We constantly read how financial institutions such as TMI use new technology to fuel external competitive initiatives.
But this institution is also using New Age technology to streamline its internal processing, not merely reface
existing applications. As a partner in its technology-based endeavors, TMI chose London- and Coventry-based Parallax
Solutions Limited -- a consultancy and development firm that has attracted customers such as BMW AG, Chase Manhattan,
Ford Motor Co. Limited, Lehman Brothers, and Rolls-Royce & Bentley Motor Cars.
Mark Wimpory, Parallax technical architect, virtually lives with TMI. Says Wimpory, "We're here to help TMI
design an architecture, and implement standards and applications that will take them into the next century. As
part of that effort, we're moving to open standards with object-oriented development and the likes of Java and
For TMI and Wimpory, a single-vendor solution from Inprise proved most attractive on an application currently under
development -- a Straight-Through-Processing application that streamlines the coordination between the front, middle
and back-office functions. Commented Wimpory, "We all know products based on these technology standards are
supposed to work together. After all, that's one of their real value propositions, isn't it? But reality can be
quite different from the proposition, and we didn't want to land in a situation where different vendors were saying
'Not my problem, it must be them.' We've all been there, and it's not an easy situation to resolve."
The fact that Java has been a moving target has only exacerbated this situation. But things might be getting better.
"Since [Version] 1.1, Java hasn't taken any more 180-degree turns. Maybe some 20-degree shifts, but no major
about faces," noted Wimpory. "And if you look at EJB, that's also stabilizing. While I'm not yet ready
to mix-and-match different tool suites, this is where the industry is heading, and it will mean a tremendous advantage
for IT organizations and companies like Parallax."
With regard to application management, Wimpory echoes the sentiments of virtually every architect interviewed for
this article. "Application management is a must-have for these CORBA-based systems. It's not an option,"
he said. "Can you imagine building an application, handing it over to the administrative group and then telling
them there's no way to manage the application? Some development teams might want to do that, but I don't."
Focus on management
As Iona Technologies' McGuire said, OTMs, or whatever one calls them, are about deployment -- and that tenet is
significant, as it was with client/server, the Web and objects. The first wave of technology focused on development,
with virtually no regard to administration and management until organizations began deploying systems. Then came
a hard realization of what was missing.
Perhaps we are finally learning the lessons of history, for OTMs focus on deployment. Companies like Forté
can attest that developing an application is only a first step. While competitors still swipe at Forté's
proprietary object model, the company was one of the first to figure out that deployment and management of distributed
objects is critical. The problem has not changed, notes McGuire. "Objects and components can be a deployment
landmine," he said. "How they're partitioned and distributed can seriously affect system performance.

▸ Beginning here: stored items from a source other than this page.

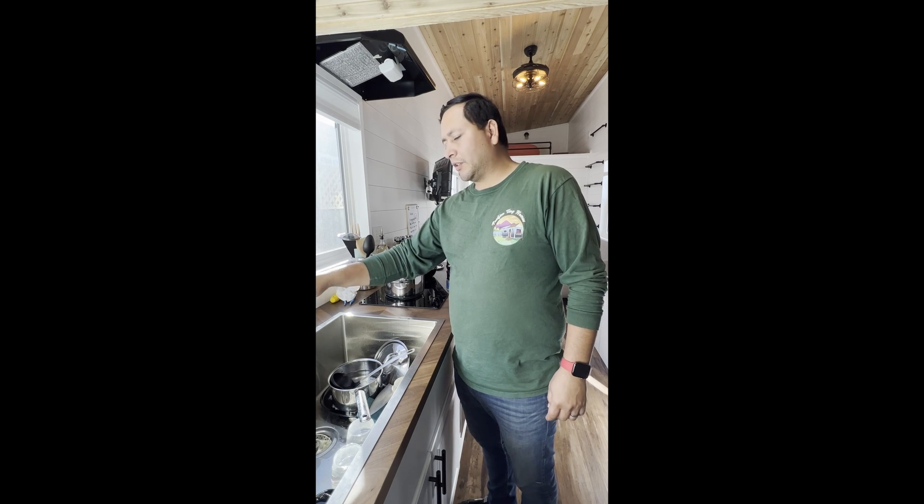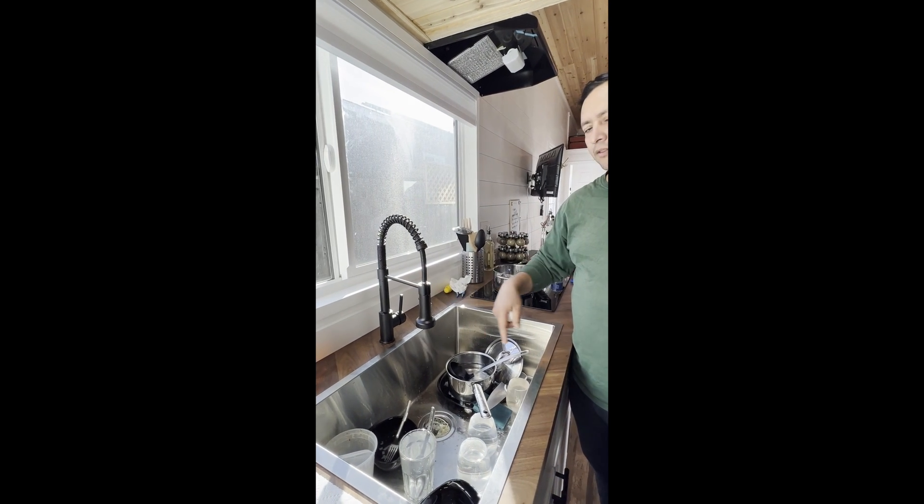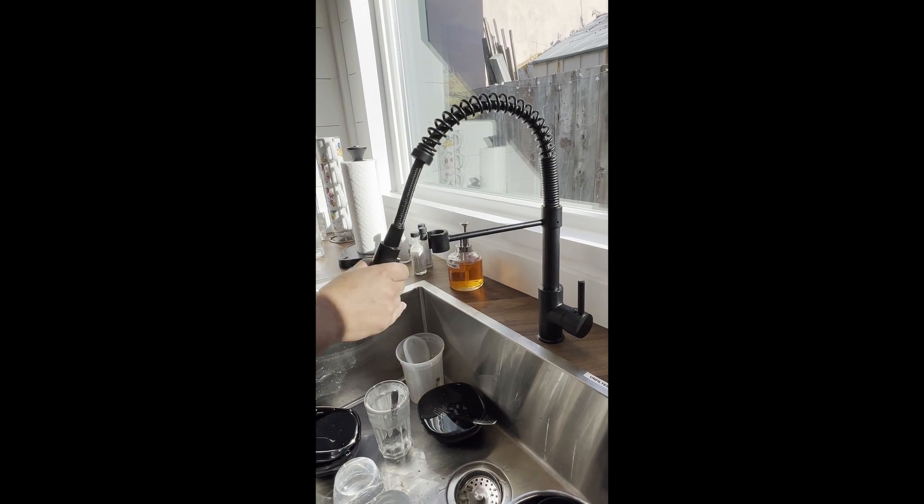Hi, this is Josh from Pacifica Tiny Horns, and today we're going to show you how to fix leaking kitchen faucets. It's very simple to fix.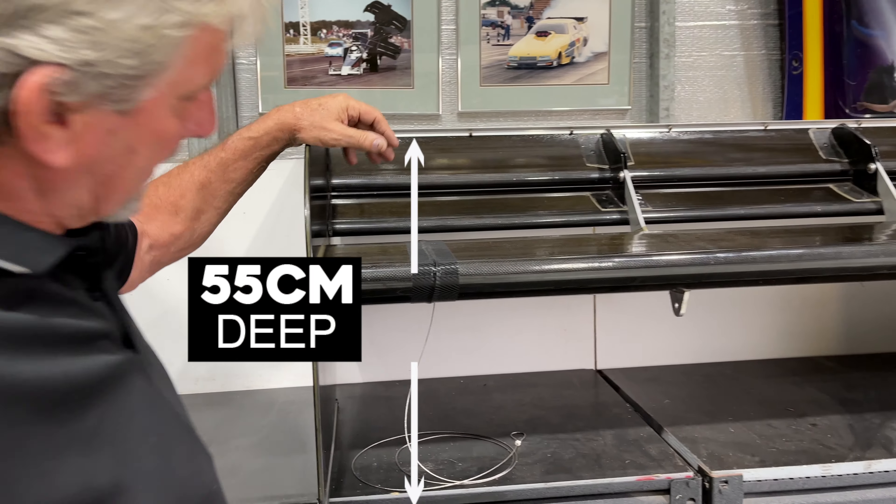Here we have the different elements. This part here is your main element, which we tend to run around zero degrees, maybe one degree on certain tracks, but you try and keep it as flat as possible. Then you can adjust for more aerodynamic efficiency with this rear element here, which we can put up or put down.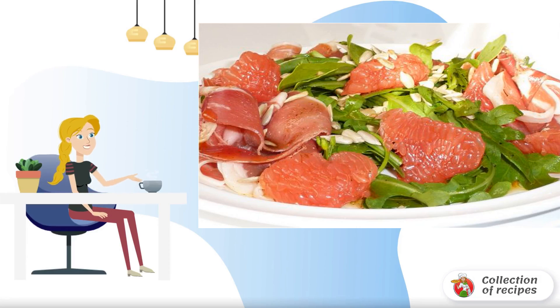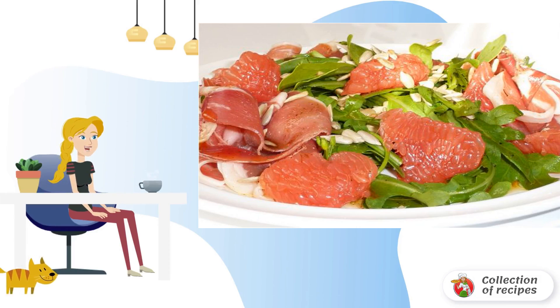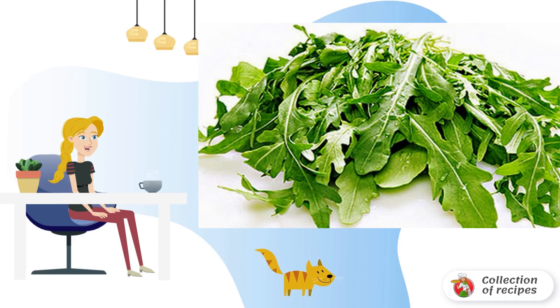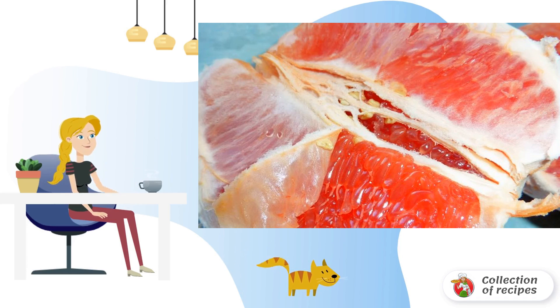I bring to your attention a light and exquisite salad for lovers of original dishes. The recipe for Parma ham with arugula will be useful to every housewife. Rinse the arugula and clean the grapefruit.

You need a management facility that can identify bottlenecks."
Vendors appear to understand the issue, and thus users are seeing an emergence of facilities for managing an application
made up of distributed objects. This is not system management on the scale of Unicenter TNG from Computer Associates
International Inc., Islandia, N.Y., EcoSystems from Compuware Corp., Farmington Hills, Mich., or IBM's Tivoli unit.
These facilities are better dubbed application management, which is one step up on the management stack from system
management tools. Except for object-oriented 4GL vendors that invested in proprietary application management facilities,
object-oriented application management is in its adolescence.